Thursday, November 29, 2007

Morning Pages:

It has been a number of years since I actually practiced a daily act of journaling, what Julia Cameron calls Morning Pages. I joined a group yesterday with the thought that it would do me good. Immediately, I saw some of the old familiar questions that haunted me so long on my now defunct Artist's Way* listserv. So today, here, I am going to give the advice I won't let myself give there. I'm just going to be a participant this time, a member of the group. Ideally, it is a circle, anyway.

My mind played with the immediate objective of releasing the creative person within. It sells the process. But, as I considered that somebody was asking if they should join the group at Chapter 5 because they joined late or begin at the beginning and I was considering my own advice--which I refrained from giving on the grounds that I am not the facilitator in this group--I would say to begin at the beginning because the process builds on itself and the first three chapters are crucial. What releases our creativity or unblocks us is, in actual fact, far more than a mere block. We are constipated or, to be even more harsh, crippled by the cumulative effect of these monsters that haunt us. The process heals us and releases us from a great deal of emotional baggage we've been hauling around. When I had my list, I was convinced that the process would be good for everyone, not just blocked creatives.

Those first three chapters release a tumultuous deluge of emotion. As I recall, and it has been ten years since I first worked through the book, it began with dreams--vivid, sometimes nightmarish, memorable. It began almost as soon as I began doing MPs. It brings the subconscious to the conscious. And as the process evolves and the book works on the various ways we have allowed blocks to form in our creative flow we begin to see that our mind has been attempting to protect our selves from destruction, but the ghosts of the truths it has hidden from us often turn out to be merely mirages, or mists. These are not real ghosts, they are laughably inept and powerless ghosts, to say the least. Some turn out to be rather inane, really. They are like the monster that hid under your bed when you were five.

Many drop out in these first three chapters. The third is the most difficult, if I remember correctly. Later, once through the book and through the process, it is difficult to figure out by rereading the book what caused so much tumult at the time. It seems so benign. I think it happened again in the seventh lesson, or so. If I recall correctly, I entered a desert--and we don't like deserts!--from lessons seven through nine. I used to work very hard at encouraging those who were dragging and I feared may drop out to keep struggling. To raise the ghosts that haunt us, if you will, and then not prove them to have no power over us--I think--is to do ourselves more damage than had we never begun the journey. They resuscitate the monster under the bed but never get out of the bed to look under it in order to see that it is little more than a dust bunny hiding there. My best advice to anybody before they begin the journey is to keep that contract by all means! Do not even begin or else finish.

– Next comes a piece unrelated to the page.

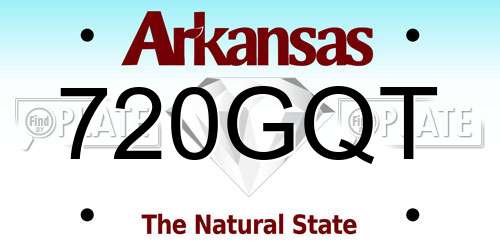 720GQT Arkansas License Plate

This is oft repeated advice: Begin at the beginning. Come to the page every day. Morning Pages are best done first thing in the morning, but if they are forgotten before the habit is firm, do them later if necessary. Morning is important because we're looking for the biggies, not the daily grind. If you don't have time to write, try to make note of those first thoughts of the day and deal with them when you do get to the page. Try by hand first. Save them for six weeks exactly as you are told to do (I can't check this fact) and then read them--the garbage is so much more beautiful and more meaningful than it felt! Hide them, whatever, but use them to HEAL. Do your work and move right along. Don't fool yourself into thinking that you need to spend more time on a lesson! Make it in twelve weeks.

Note: I do not have my book in my possession in order to be more specific or double check my memory.